As one of the four major technical directions of the Frontend Committee of Alibaba, the frontend intelligent project created tremendous value during the 2019 Double 11 Shopping Festival. The frontend intelligent project automatically generated 79.34% of the code for Taobao's and Tmall's new modules. During this period, the R&D team experienced a lot of difficulties and had many thoughts on how to solve them. In the series "Intelligently Generate Frontend Code from Design Files," we talk about the technologies and ideas behind the frontend intelligent project.
A business module, also called a business component, is a unit of code providing a certain business feature. The promotion pages in our mobile apps contain a lot of business modules. If we can recognize and extract the business modules from these pages, we can use the business modules for various purposes, such as code reuse and business field binding. Therefore, the business module recognition service is a fundamental part of the frontend intelligent project.

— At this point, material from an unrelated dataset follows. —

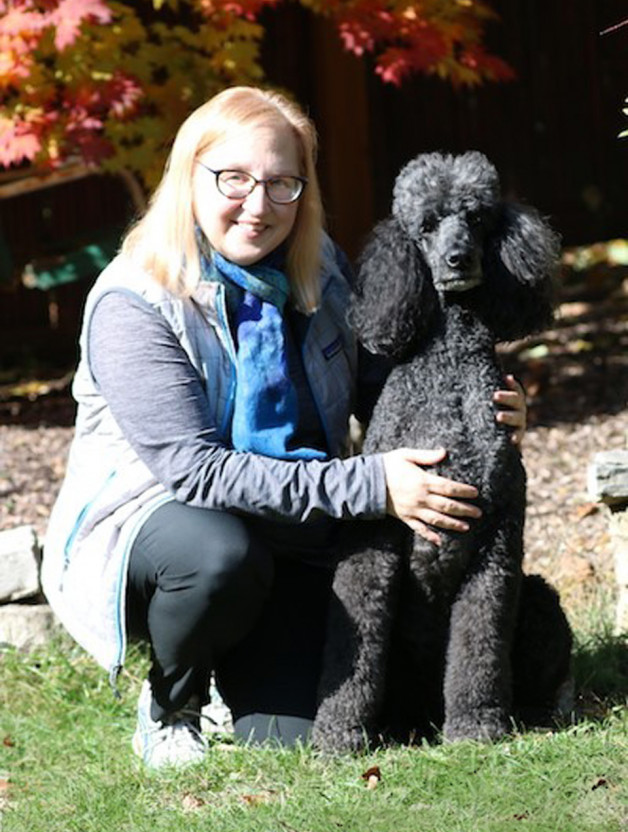 Laurel and with pet partner dog Juneau - gray standard Poodle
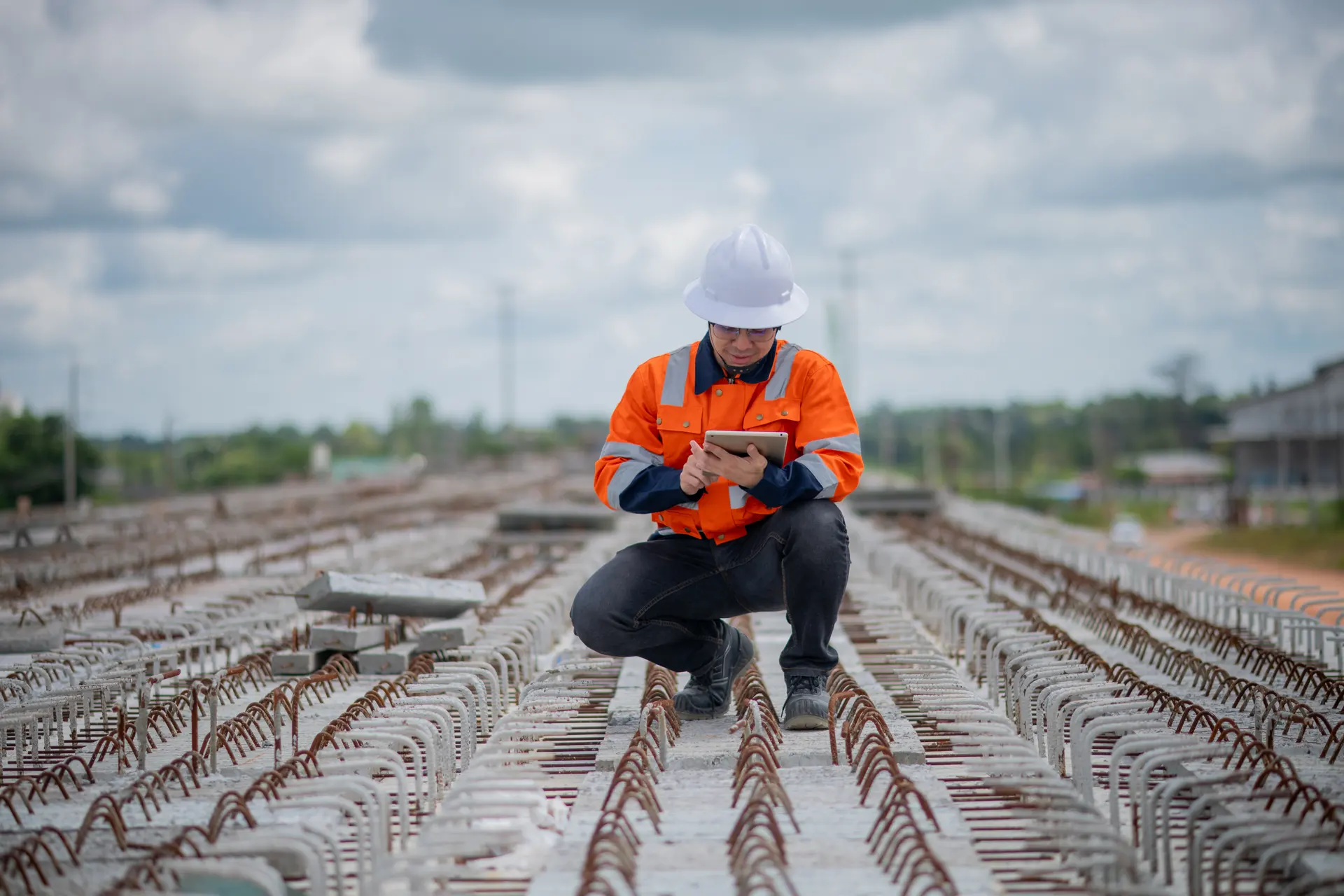 An engineer with a tablet inspecting reinforcing steel on a site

The business module recognition service is oriented at frontend pages, which is different from basic component recognition and form recognition that are oriented at the mid-end and backend systems. It is used to recognize business modules from frontend pages' visual design files that are displayed in mobile apps. Generally, design files provide a lot of directly recognizable information, such as the text content and image size.
Considering that a business module's UI structure is often complex, we did not choose image deep learning to implement business module recognition. Instead, we extract predefined feature values from design files' domain-specific languages (DSLs) and use multiclass classification of traditional machine learning to implement business module recognition. The business module recognition service can return information about recognized business modules, including their categories and positions in visual design files.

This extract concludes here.